McKibben Questions ESSAY #1 (and remember to review the critiques by Ostrom and Kasun).
- Why does McKibben think that this time is a “special moment in history?”
- In general, what is happening to the overall population and the rate of the population?
- How many calories did hunters/gathers consume? Modern humans? Modern Americans?
- Describe what McKibben is referring to in his “balloon” metaphor?
- What are the challenges in calculating the carrying capacity of the human population?
- Who are the referenced doomsayers in the article and what did they predict specifically (be brief)? (you can bullet point these people and put the three Greeks into one bullet)
- What did Ester Boserup argue? Julian Simon?
- According to these anti-Malthusians, what is the greatest resource on this planet?
- In the “Looking at Limits” section, briefly describe the consequences of the Green Revolution (i.e., primary productivity, soil, water, and the food growth curve).
- In Joel Cohen’s work, he surveys the literature and determines the median carrying capacity of humans on the planet.
- In Earth2, he discusses how insurance companies assess risks by assuming that future conditions are similar to current ones (e.g., predicting hurricanes). He then posits that we are living on a new Earth with different conditions. What evidence does he present to support his argument (be sure you read the rest of the section up until “Stormy and Warm” before answering this question.
- In the last paragraph, he discusses how the negative impacts of climate change are a problem that needs to be solved now or we should not even bother. He uses the analogy of a “timed test” where at the end of the time we need to put our pencils down and stop trying to solve. The essay was written 15 years ago and it appears that we have not made much progress on this issue (in my opinion). Do think we have reached the point where we need to put our pencils down and focus on adaptation rather than mitigation?
Week 9 Discussion
1. This time is a “Special moment in history” as proposed by McKibben is very interesting, where he believes that every human being is born at a special moment, and based on nature’s cycle, the child born today might see the peak of the human population. The human population has drastically changed from the time of agriculture and farming. There have been times when there was exponential growth which was uncontrollable, and sometimes a considerable decrease in population. But now it is predicted that the population growth might increase to reach its peak taking the momentum on the higher side.

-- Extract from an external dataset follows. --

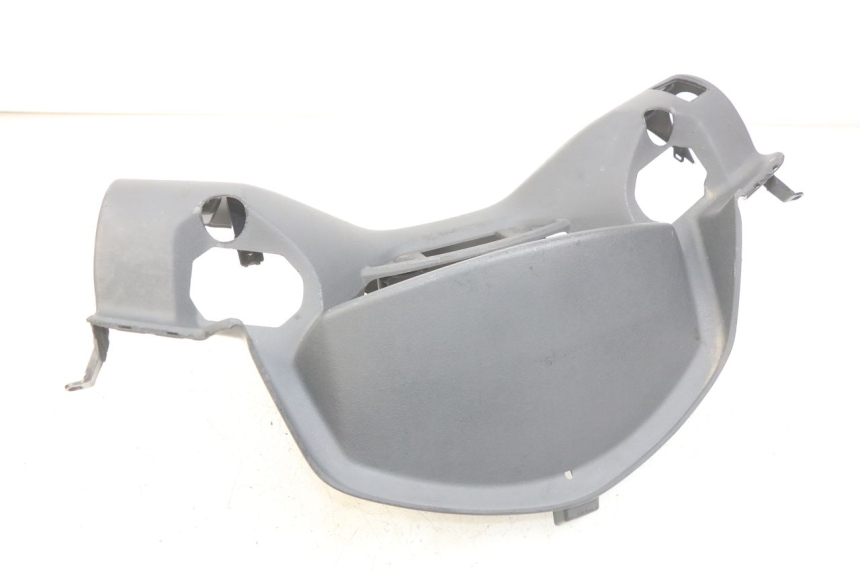photo de CAPA DO COMANDO DO GUIDÃO YAMAHA XMAX X-MAX 125 (2006 - 2009) - Detalhes característicos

2. The rate of population growth is on the lower side with less exponential growth since World War II, there are many factors contributing to it, from the issues of sustainability, economic instability, poverty, lack of education, and so on. It is more evident in developing countries. However, the population is increasing constantly with the advancements in science and technology.
3. The total consumption of hunters and gatherers used to be a mere 2500 calories per day, the modern human being uses 31000 calories per day consuming mostly from fossil fuels. An average American consumes 6 times an average modern human being. It is about 1,86,000 calories on average, this is unimaginable.
4. The balloon metaphor used by McKibben, explains the excessive utilization and consumption of resources by modern-day human beings in comparison to what was utilized before. McKibben stresses the rapidly changing lifestyle of human beings, dependency on a luxurious life, a clear demarcation of the ‘basic need’ and the ‘over-consumption’. It is well explained in the Vancouver example, where 1.7 million people live on 1 million acres in Vancouver, still needing massive 21.5 million acres of land resources to support them.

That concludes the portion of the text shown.